Bob Knight could never quite figure out why you didn’t get the death penalty for failing to recognize a zone defense. In Bob Knight’s camp if you were five minutes late for practice that wasn’t the end of the world, but it was certainly the end of your college basketball career.
He had standards. If you played for Bob Knight you went to class, you turned in every assignment, you graduated, and you kept your nose clean. And you kept your shoes shined and your teeth flossed and your buttons buttoned and your desk drawer organized. He once threw a three-sectional couch at a player who failed to control his paper clips. Missed him with the second section.
Intimidation; that was what he did really well. Bob Knight could scare the sap out of a maple tree. When Bob Knight went bear hunting, the only reason he took a gun was in case a reporter tried to follow him. His temper tantrums were listed by Al Gore as the fourth-leading threat to the polar ice caps.
Referees regarded Bob Knight the way a chicken regards a vat of boiling grease. They used to burn witches because the milk would curdle when they passed the house.
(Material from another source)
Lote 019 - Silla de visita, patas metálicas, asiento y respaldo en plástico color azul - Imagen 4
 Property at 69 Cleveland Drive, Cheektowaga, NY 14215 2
When Knight walked by the milk would curdle, but it would ask permission first.
He chain-smoked reporters. You asked a stupid question of Coach Knight, you’d want to check the local gun regulations in advance. There was a time when people appreciated a man like Bob Knight, but then, you know, somebody had to go and invent the concept of mutual respect. Bobby Knight represented the values of a bygone era, and he made you glad they were gone.
He wouldn’t try to intimidate just anybody. Just players, referees, reporters, opposing coaches, and school officials. And policemen. And students. And foreigners. And Americans. You had to be over three years old and breathing. If you weren’t afraid of Bob Knight, there was something wrong with you. Of course, you could say the same thing about John Gotti.
He made Dr. House look like a casino greeter. He frightened players so that they were afraid to make a mistake. I guess it worked, at one time. At one time that was how a lot of people coached, leadership by abuse. He was a relic of an era when powerful executives screamed at their secretaries, and fired them if they didn’t put out. As long as everybody was doing that, he was a great coach because he was better at it than anybody else.
His efforts to intimidate anybody and everybody were a transparent cover for his own self-loathing—and he’d have known that, except that he had rejected pop psychology along with the rest of the twentieth century He was a fantasy general, the Napoleon of the hardwoods, pretending to be Patton slapping around some worthless soldier and roaring defiance at a press corps that dared to question him about it. He was Idi Amin with a plastic whistle in his mouth.
He admired Ted Williams, because Ted Williams embodied for him the uncompromising pursuit of absolute excellence, and in turn he was admired by Tony LaRussa because LaRussa is losing his grip on reality.
He screamed at reporters for asking stupid questions, when very often they weren’t stupid questions at all; they were just questions he didn’t feel like answering. He screamed at players for making stupid plays, when very often they weren’t stupid plays at all; they were just ordinary human mistakes. He screamed at officials who made stupid calls, when very often they weren’t stupid calls, at all, they were just calls that went against Bobby Knight’s team.
The term “martinet” doesn’t begin to do him justice; he was a full-fledged Martin.
He thought that by screaming at everybody else he was proving how stupid they were, when in reality all he was proving was that he was a screamer. He was a bully and a braggart, self-righteous at the top of his lungs.
The fact is, Knight was a petty, insecure man whose time had come and gone before he put on his first garish sports coat. He deeply resented the fact that he had to share this planet with dipwads like you and me. He was the biggest winner in the history of college basketball, and the biggest Loser in Texas. He could never quite grasp what was wrong with treating his college President with undisguised contempt.
He won 900 games and, before long, somebody will win a thousand. That’s the wrong thing to say; I don’t mean to diminish his accomplishments. It might be a long time before somebody wins four NCAA titles. We will miss him, not in the way that you miss grandfather, but more in the way you miss your cranky old neighbor who poisoned your cat. Time marches on. Bob Knight has abandoned his efforts to stop it.